The Rebbe writes:
This reminds me of the aphorism of my father in law, the [Previous] Rebbe, who related that when he began his involvement in business, he asked his father that “he should hot have the attitudes of married people” [in the original, “baalhabatishe hanochos”].
When he related this to me, he added, “The attitudes of married people [“baalhabatishe hanochos”] are filthy.” Obviously he meant this in a more subtle sense, for he was referring to married people who observe Torah and Mitzvos fully, and yet, as Chassidus explains, they are in “Egypt”—which represents straits and limitations [the Hebrew word for Egypt, Mitzrayim, is etymologically related to meitzarim, straits]—their entire lives. For all through their lives today is like yesterday, and tomorrow like today, and even the distant future will be no different. Moreover, they regard the very aspiration for change as crazy; i.e., outside of the realm of healthy intellect.
[In light of this,] how luminous are the words of the Alter Rebbe in the Tanya (Likutei Amarim ch. 47), who quotes the words of the Mishnah (Pesachim 116b): “In every single generation one must regard himself as if he left Egypt,” and adds, “ ... and every single day.”
Igros Kodesh, Vol. 20, pp. 106-107.
In this holy letter, the Rebbe explains that one of the main dangers of the lifestyle of a married person (discussed earlier here) is that he or she ceases to yearn and strive for change. The Torah constantly urges a Jew to “rise higher in matters of holiness” (Berachos, 28a), and never remain static. However, the lifestyle of a married person (for the various reasons explained above) naturally fosters rigidity and coldness in matters of spirituality, and thus a married man or woman typically regards any deviation from this norm as, well, nuts. The Previous Rebbe regarded this aversion to inner change harshly.
In contrast, a true life of spirituality demands constant positive change and growth. This starts with a deep yearning, and culminates in concrete action.

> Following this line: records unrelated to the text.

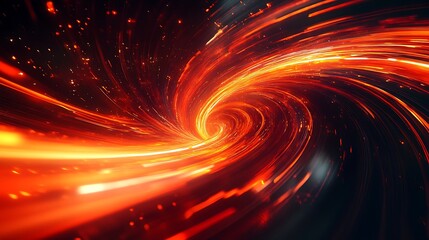 Poster - High-speed motion light streaks with deep red tones in an artistic composition.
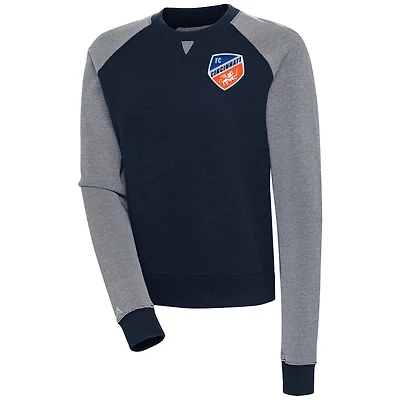 Women's Antigua  Navy/White FC Cincinnati Flier Bunker Tri-Blend Pullover Sweatshirt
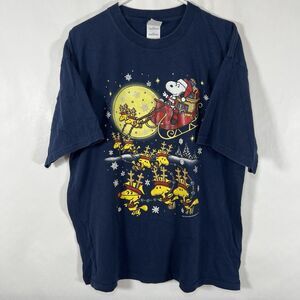 Vintage Peanuts Christmas T Shirt Mens XL Navy Snoopy Woodstock Gildan Heavy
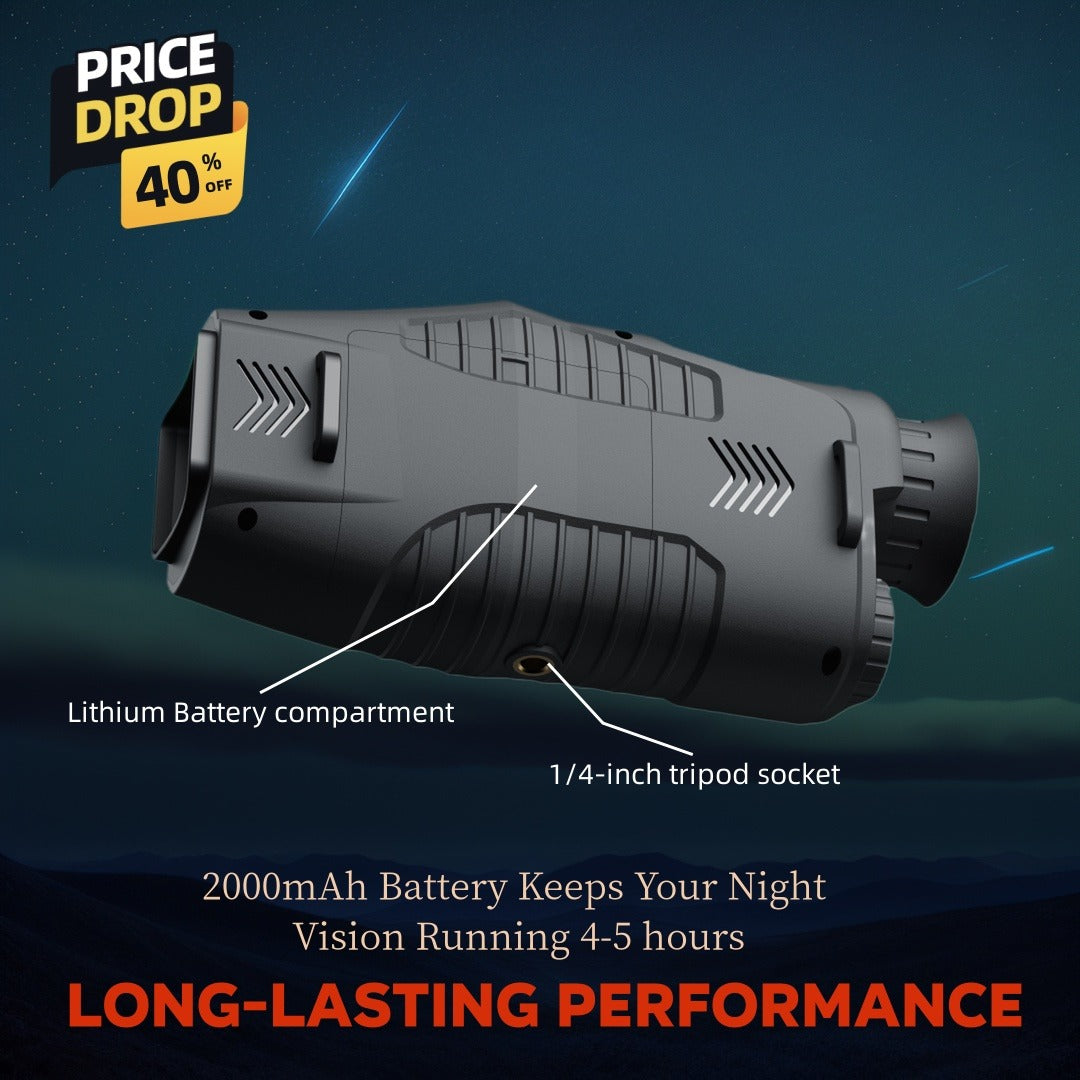 Night Vision Monocular with 850nm IR Illuminator, 5X Digital Zoom 2.5K FHD Camera 1.54" Display, Infrared Night Vision Scope for Hunting Camping Wildlife Surveillance, 2000mAh Battery 6Hr Runtime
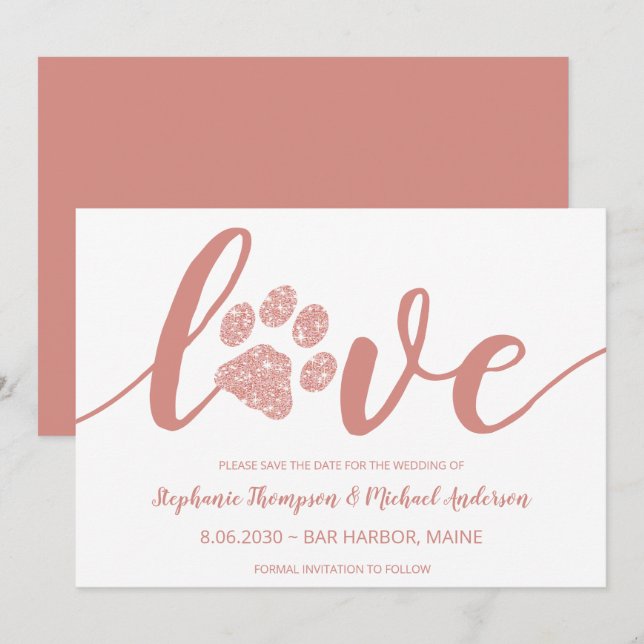 Love Paw Print Wedding Non Photo Save The Date (Front/Back)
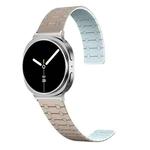 For Samsung Galaxy Watch8 / Watch8 Classic Two Color Loop Magnetic Silicone Watch Band(Khaki+Light Cyan)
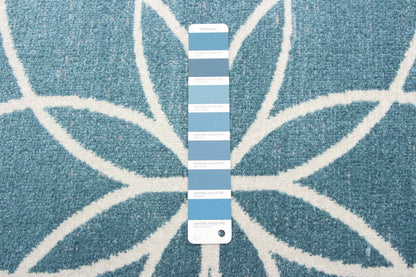 Tapis Terali turquoise lavable en machine - 6'0 x 9'0|Tapis Terali turquoise lavable à la machine - 6 pi 0 po x 9 pi 0 po|D86FTSCF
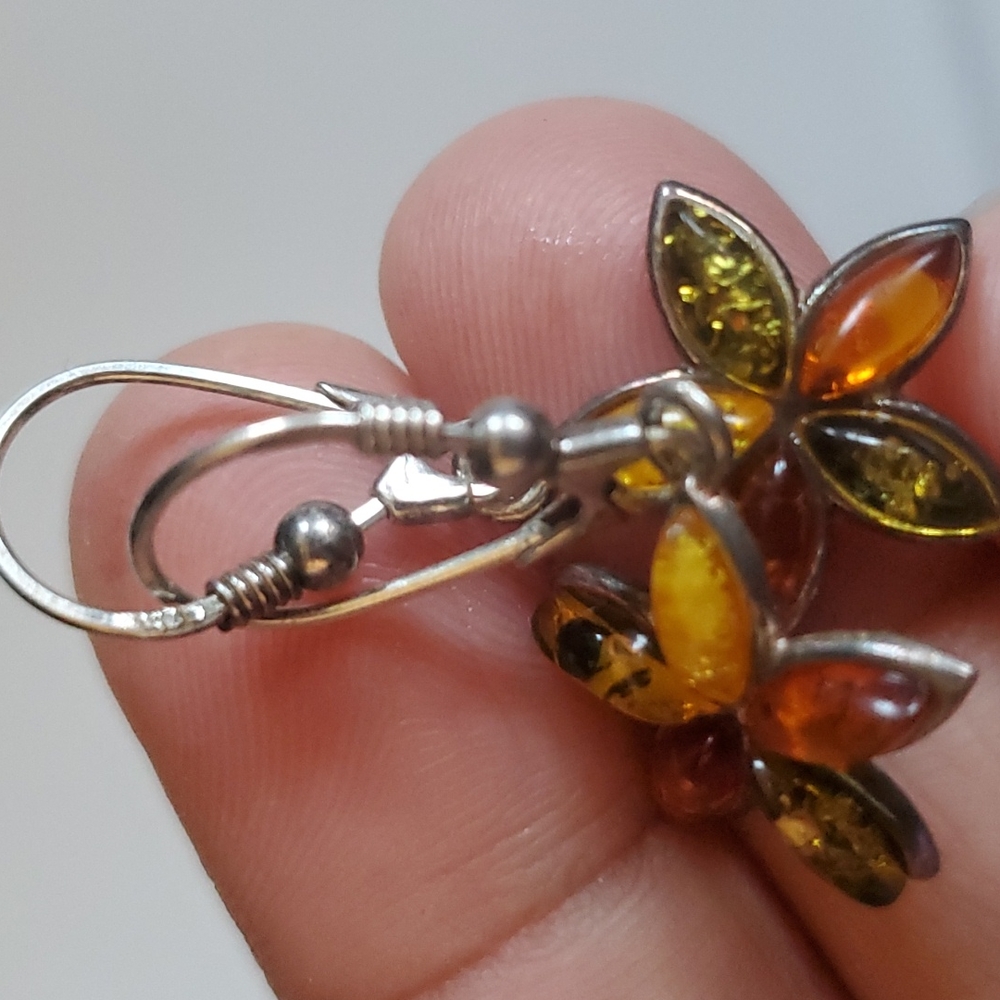 925 Sterling Silver Mix Amber Earrings 😎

The Previous Rebbe explains that this feeling was once typical, and calls us to restore this communal attitude:
... Although amongst Chabad chassidim there were different levels of knowledge, they all did Avodah. They worked on themselves. The regular working on oneself was based on the foundation that the way one is today is not good, and we have to become completely different.
I have already told what the chossid, Reb Gershon Dov [of Pahar], would often say after lengthy meditation, for he had tremendous ability for deep concentration. After the evening prayer and reciting the Shema upon retiring, which would often turn out to be in the late hours of the winter nights, [he could be overheard saying to himself]: “Do you hear, Gershon Ber? We have to wake up completely different.”
It was typical that when Chabad chassidim would gather for a farbrengen, the Rov (Rabbi of the community) would say about himself, “Am I really a Rov?” ... The melamed (teacher for children) suffered from troubles and did not have money to spend, but [although this may have jeopardized his personal income], he would say about himself, “Am I really a melamed?”
This demonstrates that in fact the intense dissatisfaction with one’s current level and the constant desire for inner change lie at the core of the Avodah (divine service) that characterizes Chassidus Chabad—the antithesis of “the attitudes of married people” described above.